> WORK INSTRUCTION: Give again, word for word, the lines below that run from the line with "Mexen Flat slim" through the line with "Gold stainless steel cross necklace". Drop the pictures.

______

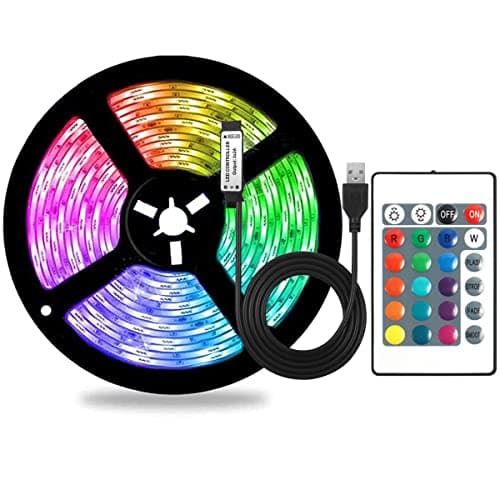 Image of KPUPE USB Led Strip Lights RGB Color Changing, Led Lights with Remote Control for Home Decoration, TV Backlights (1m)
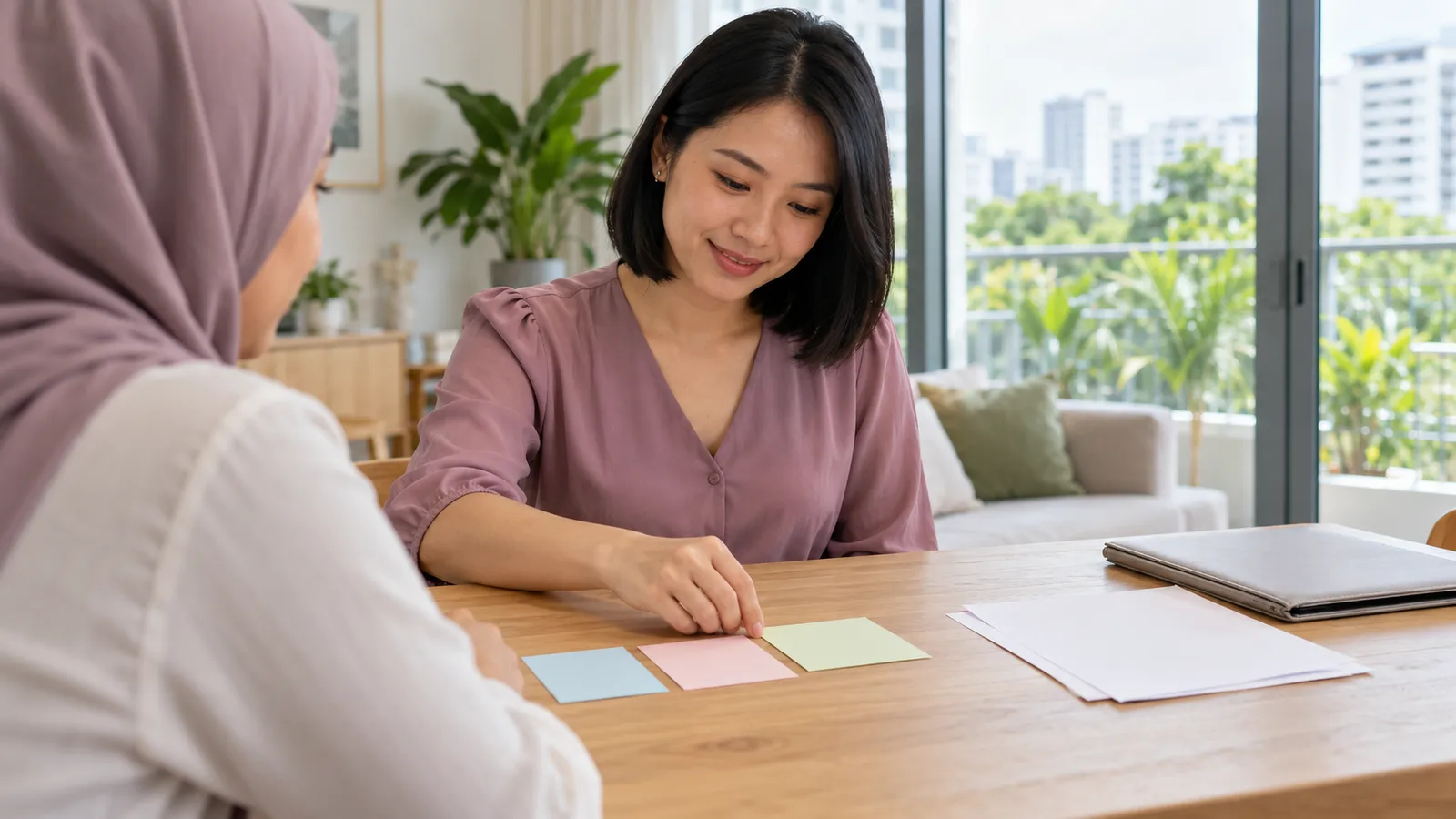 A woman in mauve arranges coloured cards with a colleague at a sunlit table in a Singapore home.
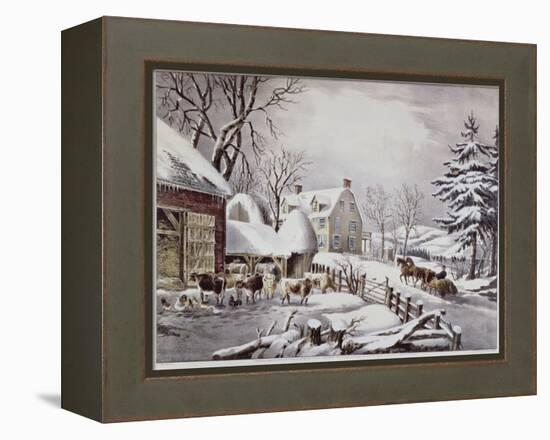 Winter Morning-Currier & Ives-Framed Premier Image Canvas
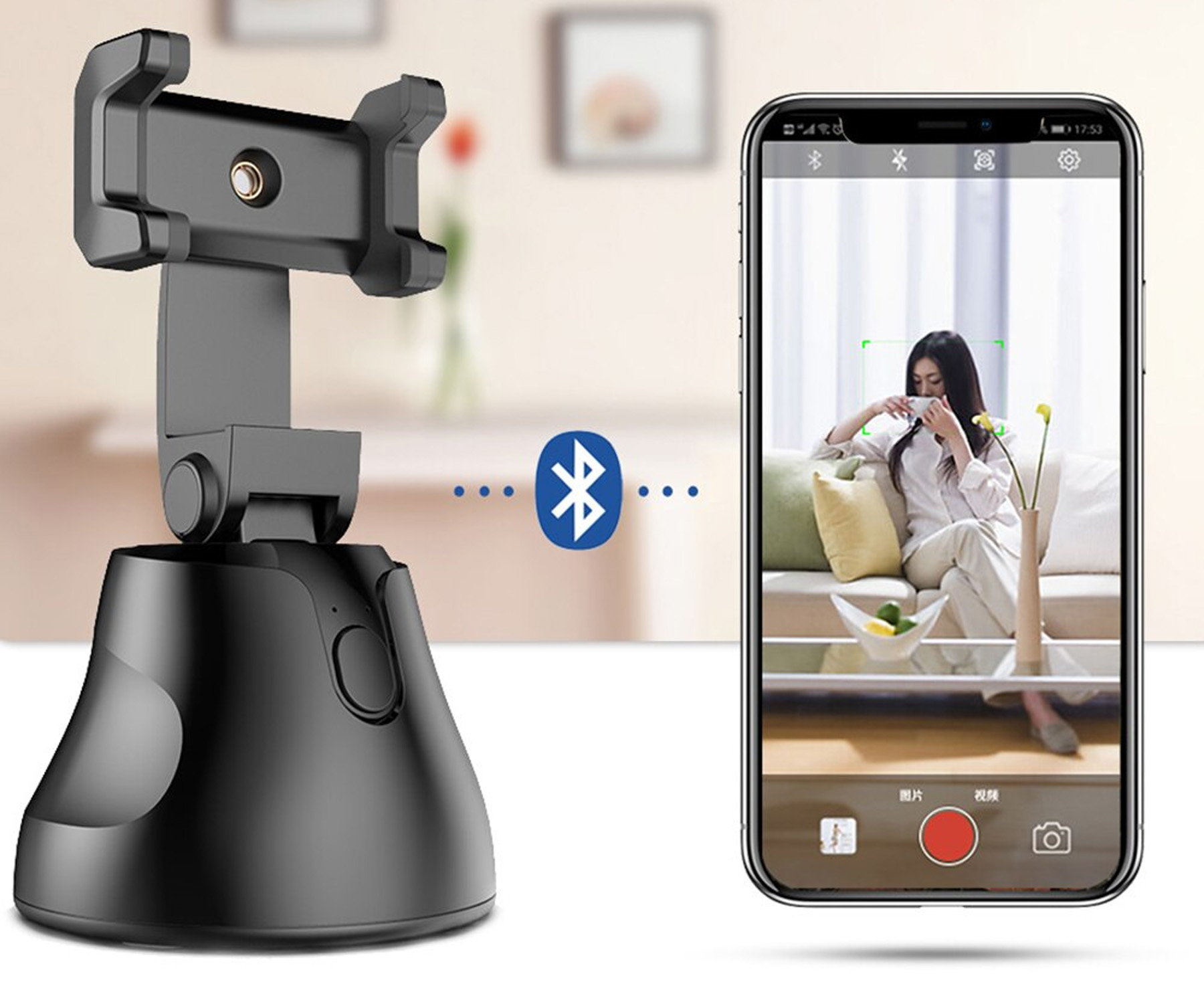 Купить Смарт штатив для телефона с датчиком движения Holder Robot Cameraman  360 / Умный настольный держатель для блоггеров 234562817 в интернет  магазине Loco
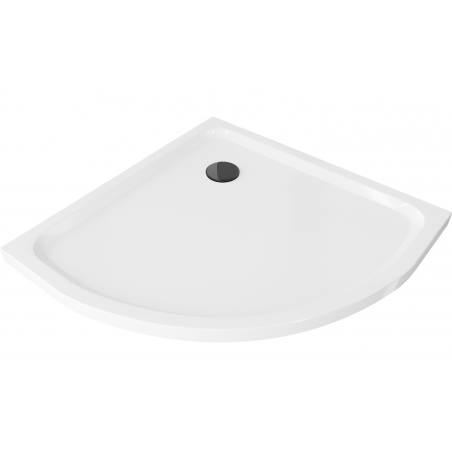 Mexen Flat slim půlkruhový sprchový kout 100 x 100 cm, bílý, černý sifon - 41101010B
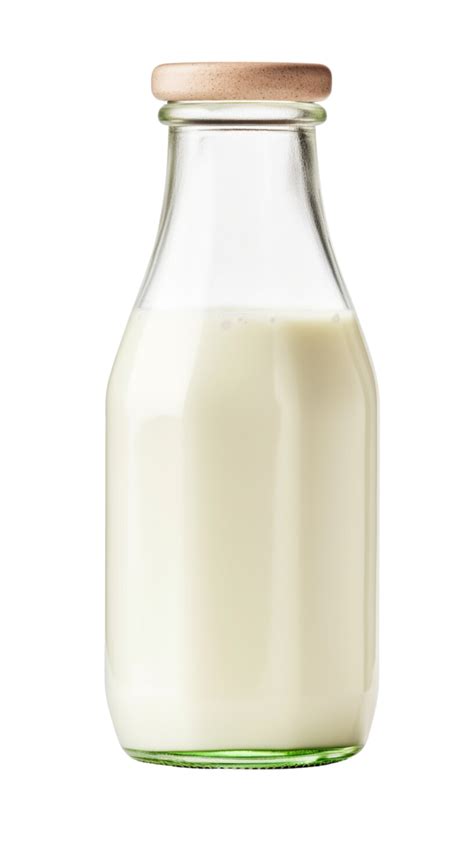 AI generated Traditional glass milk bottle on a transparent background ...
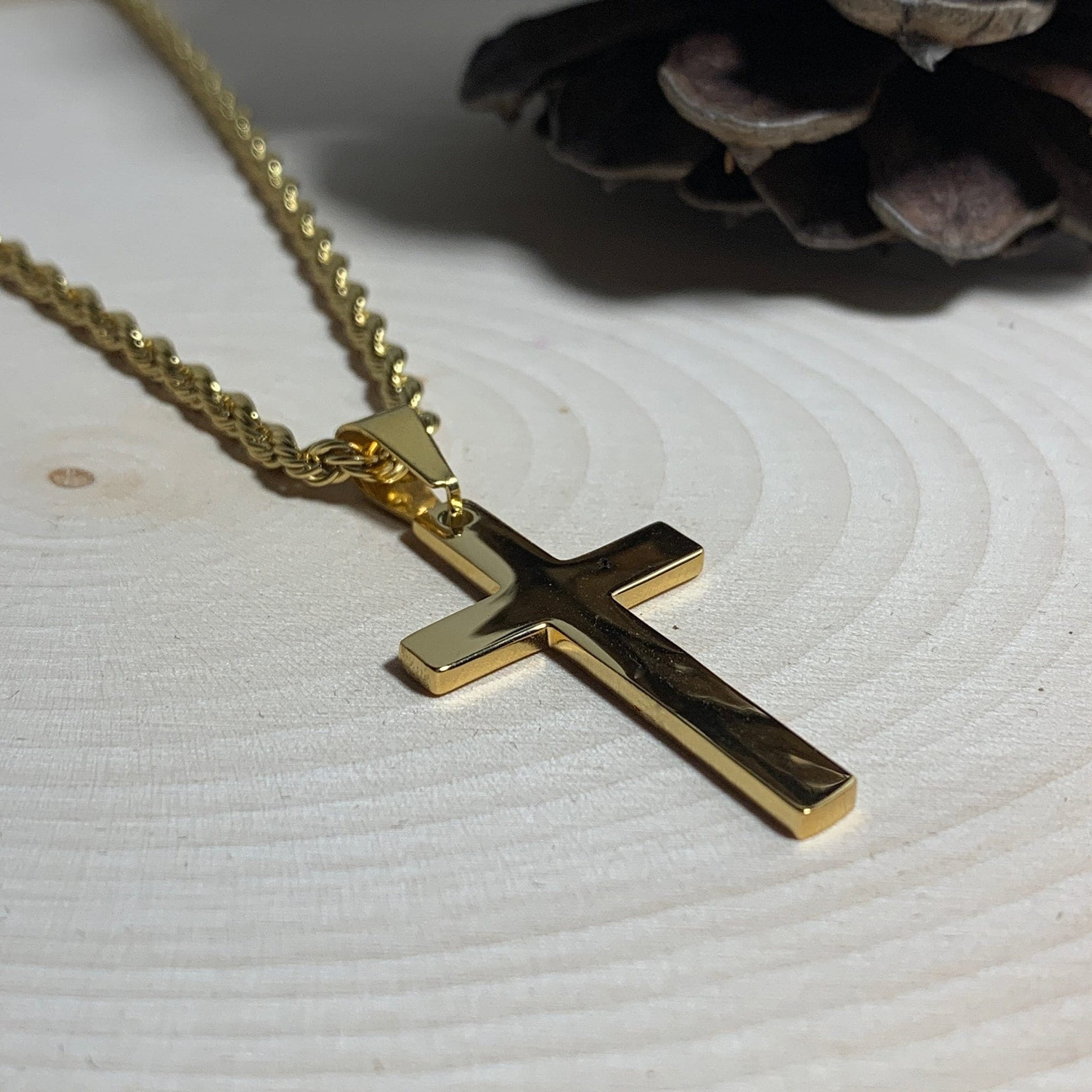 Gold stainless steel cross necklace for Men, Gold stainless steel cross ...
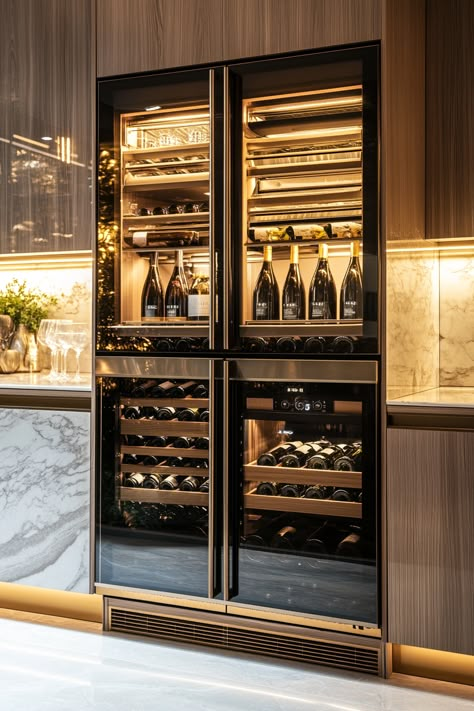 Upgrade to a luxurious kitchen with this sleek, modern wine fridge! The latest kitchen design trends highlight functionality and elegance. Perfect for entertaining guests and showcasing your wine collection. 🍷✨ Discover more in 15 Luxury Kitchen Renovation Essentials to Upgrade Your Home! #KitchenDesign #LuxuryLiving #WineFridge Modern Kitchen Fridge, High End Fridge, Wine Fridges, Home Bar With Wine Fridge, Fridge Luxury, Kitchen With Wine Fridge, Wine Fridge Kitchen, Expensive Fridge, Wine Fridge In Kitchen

______

> WRITTEN REPLY:
 Mexen Flat slim půlkruhový sprchový kout 100 x 100 cm, bílý, černý sifon - 41101010B
 AI generated Traditional glass milk bottle on a transparent background ...
 Gold stainless steel cross necklace for Men, Gold stainless steel cross ...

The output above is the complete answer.